Le projet de Loi d’Orientation des Mobilités présenté au Conseil des Ministres

[Adhérents] Après plus d’un an d’attente à la suite des Assises de la Mobilité, Elisabeth Borne a présenté en Conseil des Ministres le projet de Loi d’Orientation des Mobilités. Au travers de ce texte, le gouvernement indique vouloir améliorer la mobilité du quotidien en relevant de nombreux défis. Le véhicule électrique est ainsi partie intégrante du dispositif avec plusieurs mesures afin de déployer plus facilement de nouveaux points de recharge et faciliter son utilisation au quotidien.

Le projet de Loi d’Orientation des Mobilités, dit « LOM », porté par la Ministre des Transports Elisabeth Borne veut modifier notre « droit à la mobilité » grâce à une réforme en profondeur des politiques générales de mobilités. Présenté au Conseil des Ministres la semaine dernière, il devrait être débattu au Parlement en début d’année 2019 en débutant par le Sénat avant la fin de l’hiver pour être discuter ensuite à l’Assemblée Nationale.

La LOM s’intègre au cœur du cadre législatif porté et défini par différentes lois au cours des 30 dernières années, telles la Loi d’Orientation des Transports Intérieurs de 1982, la loi Solidarité et Renouvellement Urbain de 2000, ainsi que les lois MAPTAM (2014) et NOTRe (2015). Alors que ces textes majeurs ont structuré les déplacements en France, notamment par la création des autorités organisatrices de transports (AOT) et le développement de leurs compétences, la Loi d’Orientation des Mobilités vise aujourd’hui à offrir des outils afin que l’ensemble du territoire national soit couvert par une autorité en charge de la coordination des services de transport.

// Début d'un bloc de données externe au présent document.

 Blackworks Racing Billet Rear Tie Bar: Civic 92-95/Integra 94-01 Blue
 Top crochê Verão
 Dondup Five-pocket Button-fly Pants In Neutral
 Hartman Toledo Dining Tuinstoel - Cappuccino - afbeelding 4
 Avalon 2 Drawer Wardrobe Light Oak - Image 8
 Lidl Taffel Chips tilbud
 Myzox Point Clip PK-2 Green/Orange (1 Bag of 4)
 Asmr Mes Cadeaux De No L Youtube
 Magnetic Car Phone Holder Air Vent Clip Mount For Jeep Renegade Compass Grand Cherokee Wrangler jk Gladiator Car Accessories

En effet, seulement 20 % du territoire est aujourd’hui couvert par une AOT : sur les 80 % restants, regroupant un tiers de la population française, il n’existe quasiment aucune alternative à la possession d’une voiture individuelle.

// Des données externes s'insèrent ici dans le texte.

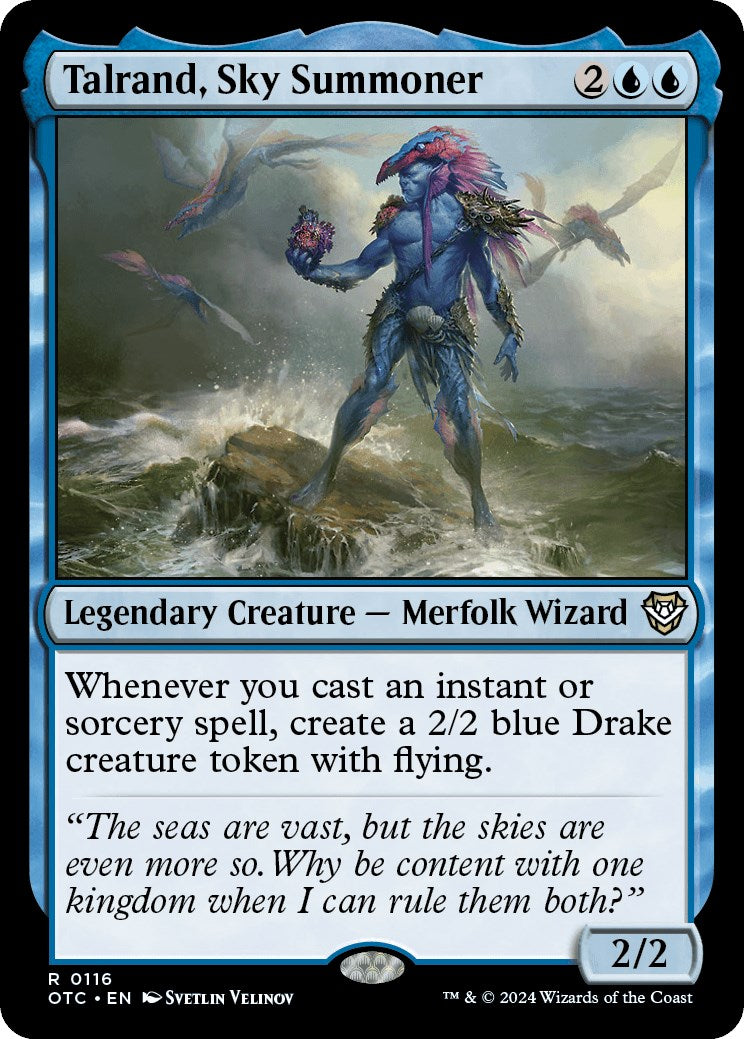 Talrand, Sky Summoner [Outlaws of Thunder Junction Commander] | Fandemonia Ltd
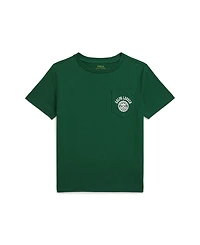 Polo Ralph Lauren Toddler and Little Boys Logo Cotton Jersey Pocket T-Shirt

15 mesures pour répondre à 4 objectifs ambitieux

Transfert de compétences pour l’organisation des transports, développement du covoiturage, hausse de la pratique du vélo, accompagnement pour le passage au véhicule électrique… Au total, une quinzaine de mesures phares ont été annoncées pour engager une transformation profonde des déplacements de tous les Français, aussi bien en ville qu’en milieu rural.

Elles visent à répondre à 4 objectifs :

  • Offrir des solutions alternatives à l’utilisation d’une voiture personnelle ;
  • Faciliter l’innovation dans les transports ;
  • Rénover les infrastructures de transport du quotidien ;
  • Réduire l’impact environnemental des transports.

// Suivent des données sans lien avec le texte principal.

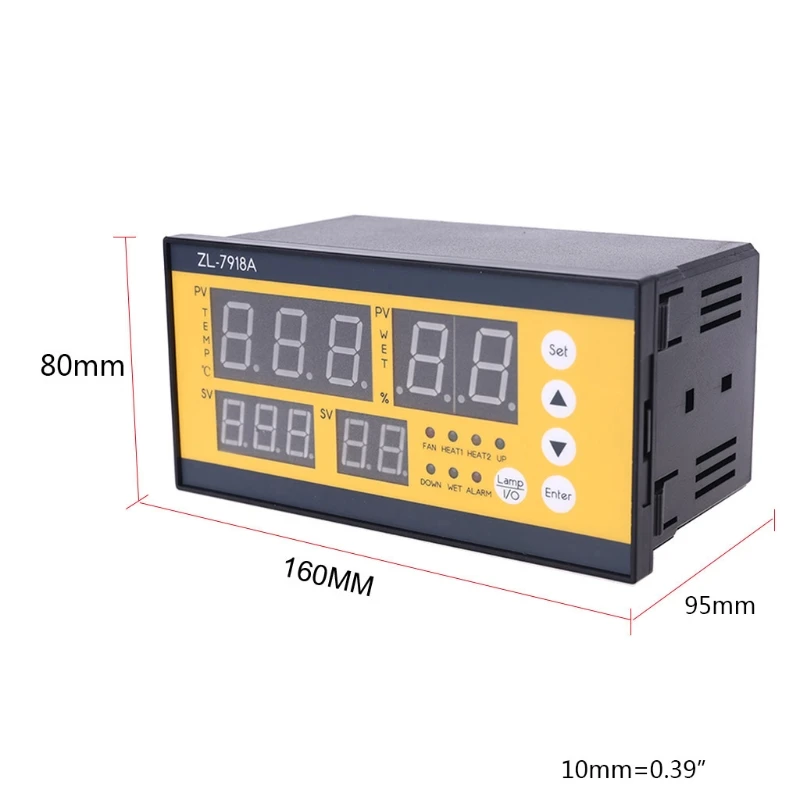 

ZL-7918A Multifunction Automatic Incubator 100-240V LCD Temperature Humidity Control XM 18 Thermostat for Warehouse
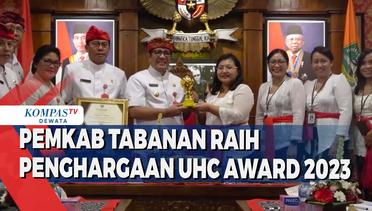 Pemkab Tabanan Raih Penghargaan UHC Award 2023
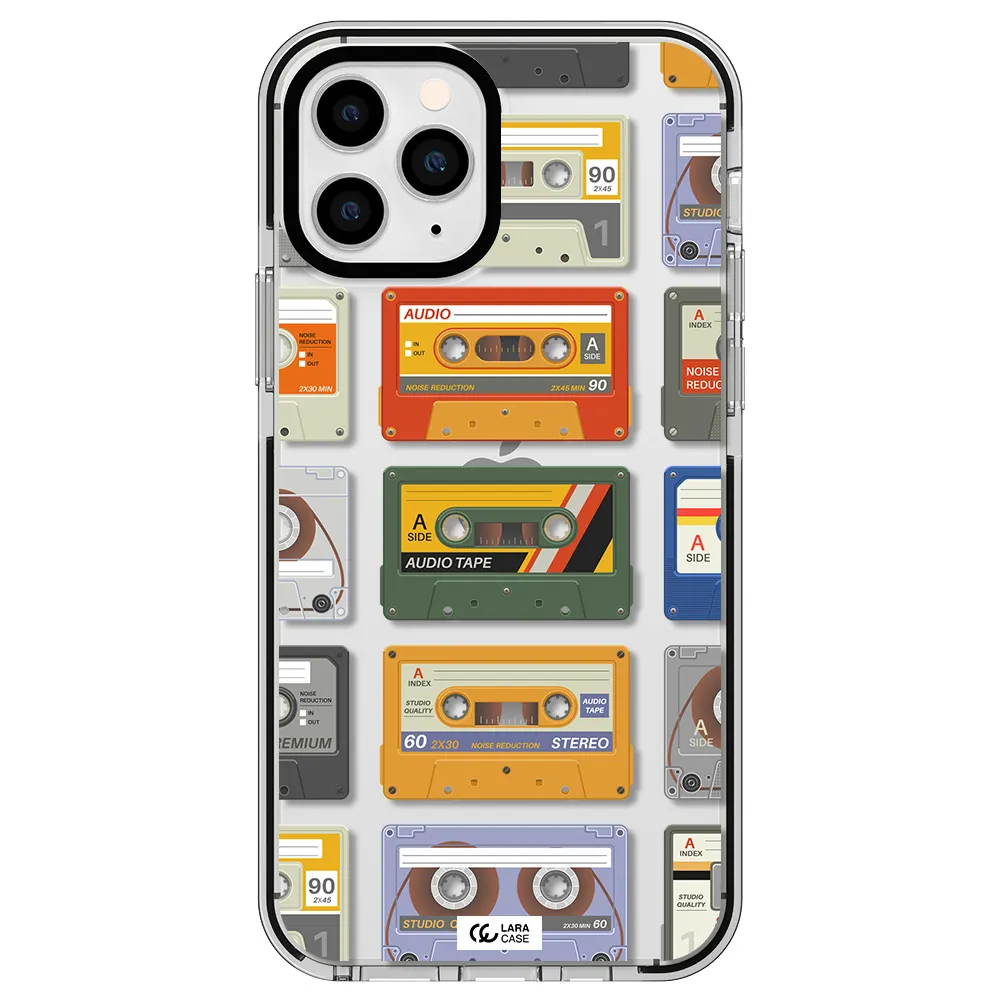 All My Cassettes Apple iPhone 11 pro impact black border Case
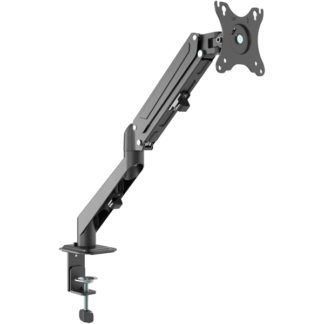 GH-AMCS01A-BK<BR>4軸モニターアーム ガススプリング クランプ式 1画面用 ブラック<BR>㈱グリーンハウス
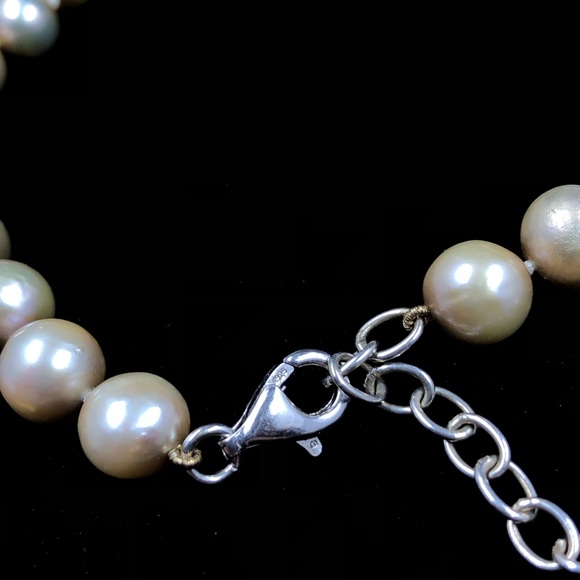 Freshwater Champagne Pearl Necklace - Picture 11 of 13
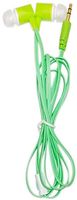 Bulk Economical Childrens Earbuds with 3.5 mm Headphone Plug (Green Flat Cord, 10 Pack)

L’électrification des véhicules répond à plusieurs de ces objectifs grâce aux nombreuses opportunités qu’elle apporte. Plusieurs articles du projet de loi viennent ainsi répondre à des problématiques actuelles liées à la recharge des véhicules électriques et simplifier l’usage de ces derniers notamment au travers du droit à la prise.

Faciliter l’accès aux bornes de recharge pour tous

Afin de permettre l’accès à la recharge à tous, l’article 7 prévoit que les stations de recharge installées en voirie disposent d’au moins une place dimensionnée pour être accessible aux personnes à mobilité réduite, sans que celle-ci ne leur soit réservée. Rappelons que le droit français n’est pas rétroactif et que cette obligation ne concernera que les stations déployées après la publication du texte au Journal Officiel.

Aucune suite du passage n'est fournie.